Atenção candidatos! O descumprimento de protocolos sanitários poderá ser punido pelo TRE-BA

Mesmo com a pandemia da covid-19, esse ano é de eleições municipais e os atos políticos de pré-candidatos já começaram pelo interior da Bahia. Além da campanha eleitoral antecipada, que é crime pelo Código Eleitoral, muitas mobilizações não cumprem as normas de vigilância sanitária. O que se vê são aglomerações atrás de carros de som, pessoas sem máscaras em comícios ou até mesmo na porta da casa de prefeitos que disputam a reeleição.

Para relembrar a alguns candidatos que a pandemia não acabou, o Tribunal Regional Eleitoral da Bahia (TRE-BA) regulamentou, por uma resolução publicada na segunda-feira (21), que os postulantes a cargos políticos devem limitar o público de seus eventos a no máximo 100 pessoas e tomar as medidas para que todas as recomendações das autoridades de saúde sejam cumpridas, como foi estabelecido pelos decretos estaduais e parecer técnico da Secretaria de Saúde da Bahia (Sesab).

A resolução permite ainda que os juízes eleitorais façam o uso da força policial, se necessário, para impedir que esses atos que desrespeitam as normas sanitárias não aconteçam. Em um primeiro momento, haverá uma notificação pelos policiais e tentativa de restaurar a ordem, isto é, de garantir que os protocolos de higiene sejam cumpridos. Se a situação não for resolvida, o autor do ato de campanha responderá por crime eleitoral, por desobediência às instruções da Justiça Eleitoral, como consta no artigo 347 do Código Eleitoral.

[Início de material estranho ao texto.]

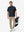 Full body model holding golf equipment, lightweight upf50+ short sleeve golf vests jacket in dark grey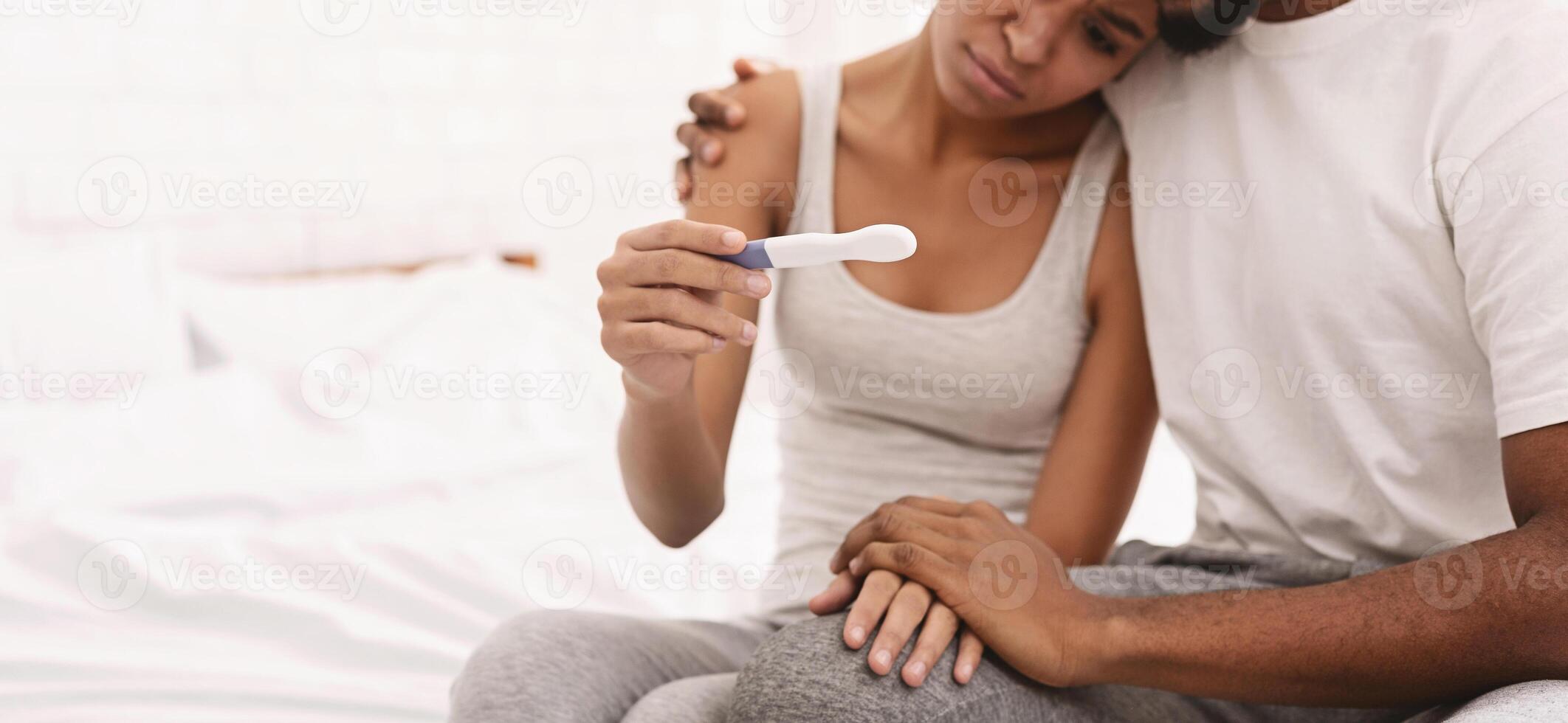 Couple dreaming to be parents. Upset african-american man and woman looking at negative pregnancy test, panorama with empty space photo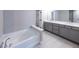 Elegant bathroom featuring double sinks, gray cabinets, and a relaxing soaking tub at 3739 Silvery Way, Powder Springs, GA 30127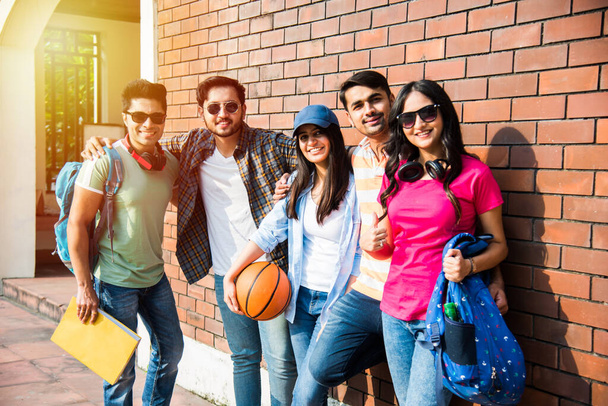 学生や友人の陽気なインドのアジアの若いグループが一緒に座って、立って、またはキャンパス内を歩いて笑って - 写真・画像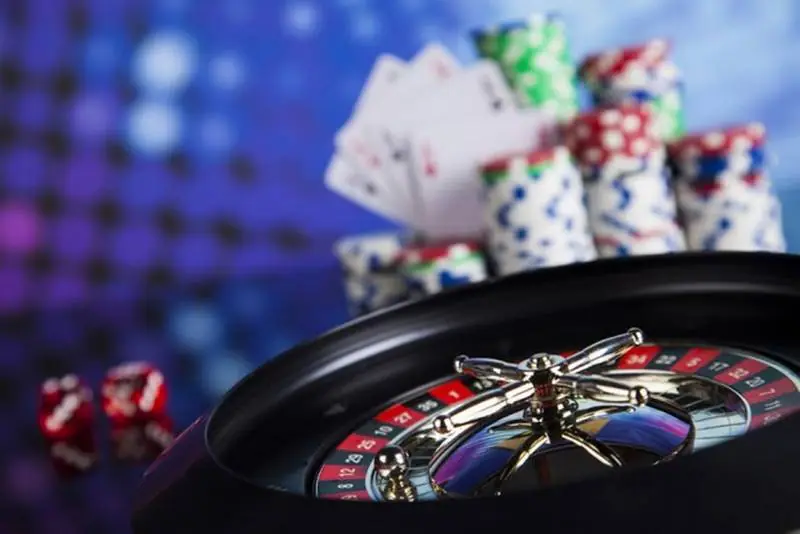 Roulette wheel in the foreground with stacks of casino chips, fanned playing cards and two red dice blurred behind it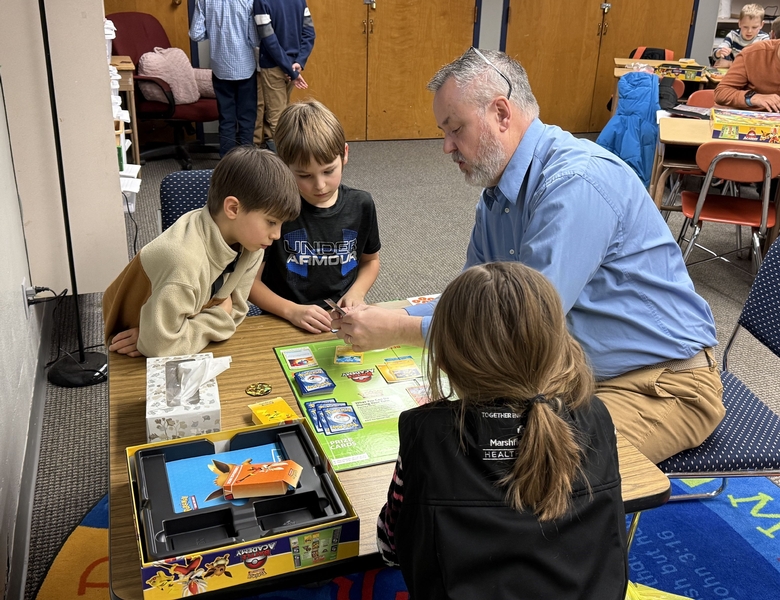 Teacher helping students learn the Pok&eacute;mon Trading Card Game during Pok&eacute;mon Club at OLPI.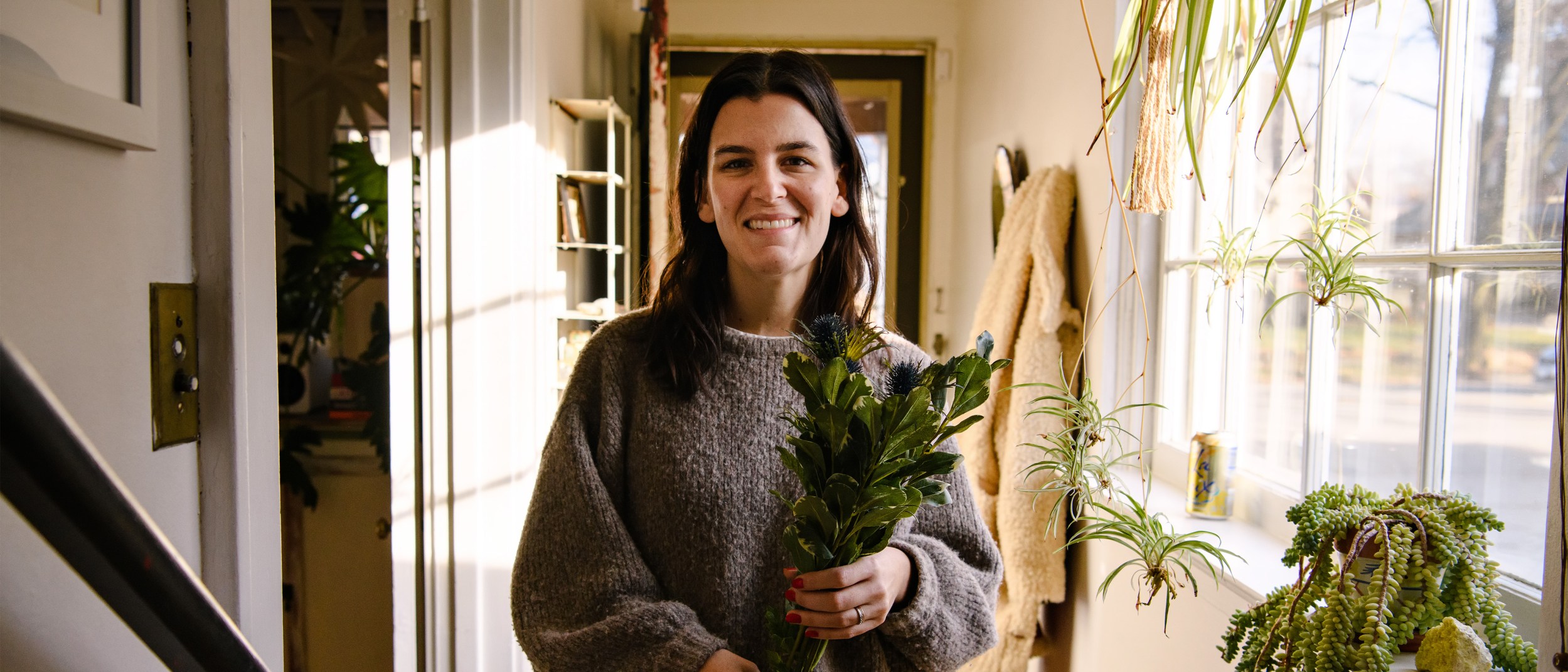 An Airbnb hosts prepares for her guests with some fresh flowers.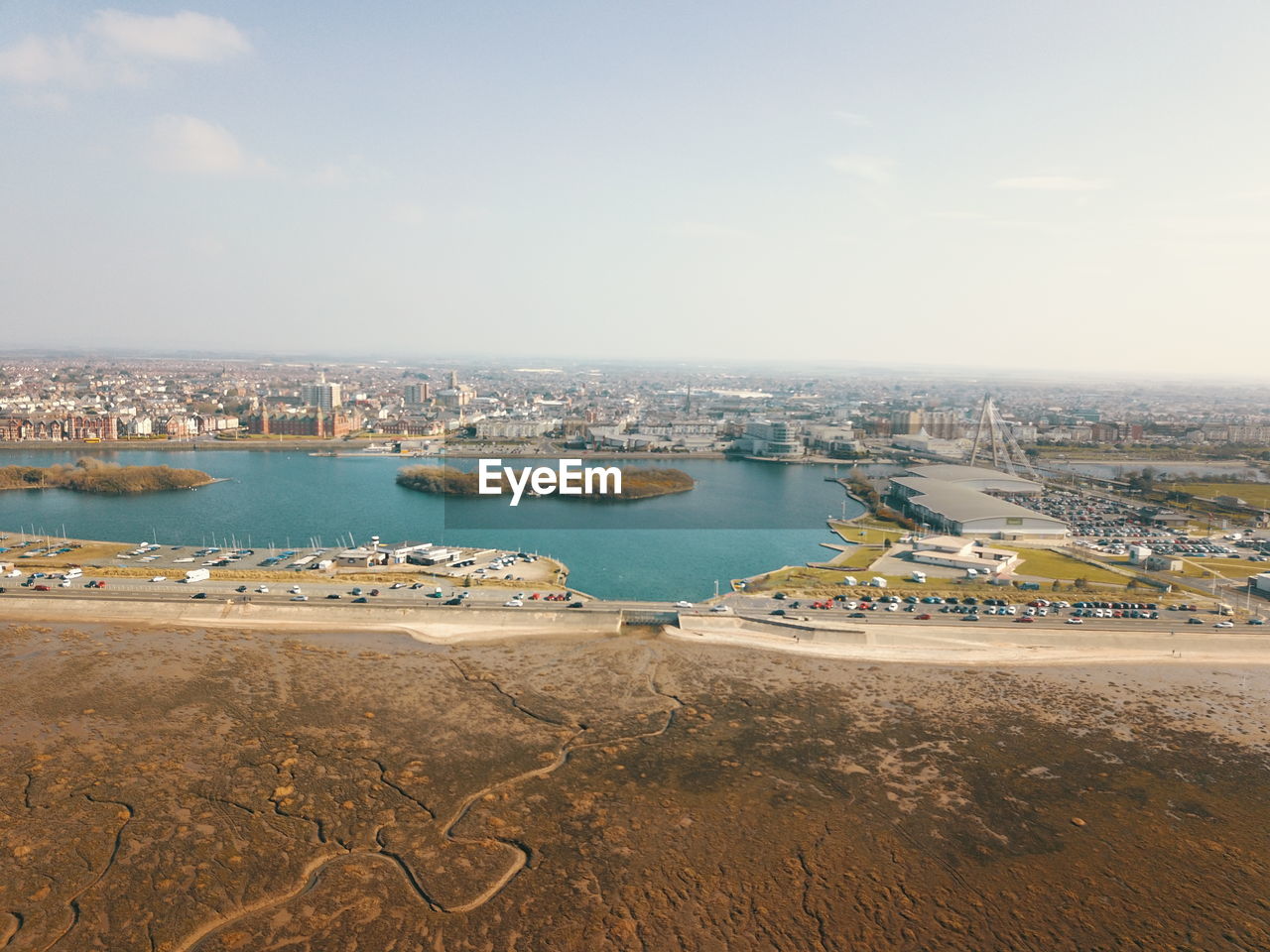 Scenic view of sea and city against sky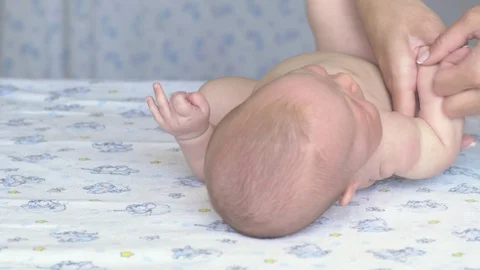 Massage professional therapist does for two month old baby girl child Stockbeeldmateriaal 111277613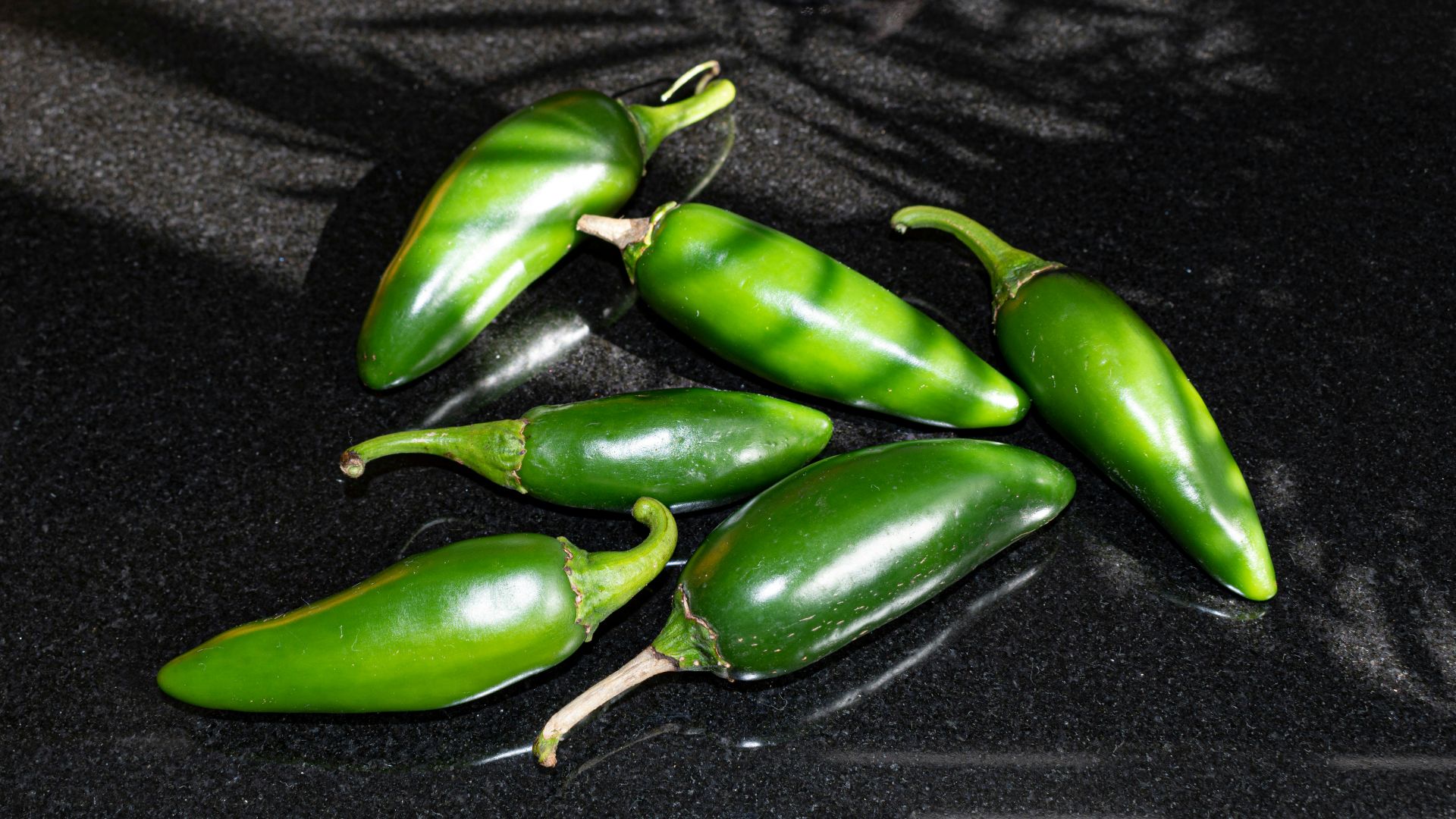 a group of green peppers sitting on top of a counter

Além disso, a decisão do TRE não exclui a possibilidade de apurar, num segundo momento, se houve prática de ato de propaganda eleitoral irregular, abuso do poder político, abuso do poder econômico e/ou crime eleitoral. Os casos serão analisados pelo Ministério Público Eleitoral (MPE), como explica o procurador regional eleitoral da Bahia, Cláudio Gusmão.

“O propósito desse documento é servir como parâmetro para que o município se adeque aos documentos técnicos referidos na resolução. Se não houver adequação, prevalece o decreto do Governo do Estado”, explica o procurador. Gusmão ainda diz que o objetivo não é impedir a realização dos comícios e atos de campanha, mas de assegurar, nesses eventos, a segurança da população em meio à pandemia.

Se necessário, o prefeito da cidade pode limitar ainda mais o número de pessoas para um número menor ao de 100 pessoas, a depender do contexto de habitantes e infectados por covid-19. “Há a possibilidade de restringir o limite, porque pode ter situações em que 100 pessoas para aquele município de 15 mil habitantes seja demais, arriscado. Temos que buscar conciliar a realização da campanha com as normas de proteção a vida das pessoas pelo risco de infecção”, completa Gusmão.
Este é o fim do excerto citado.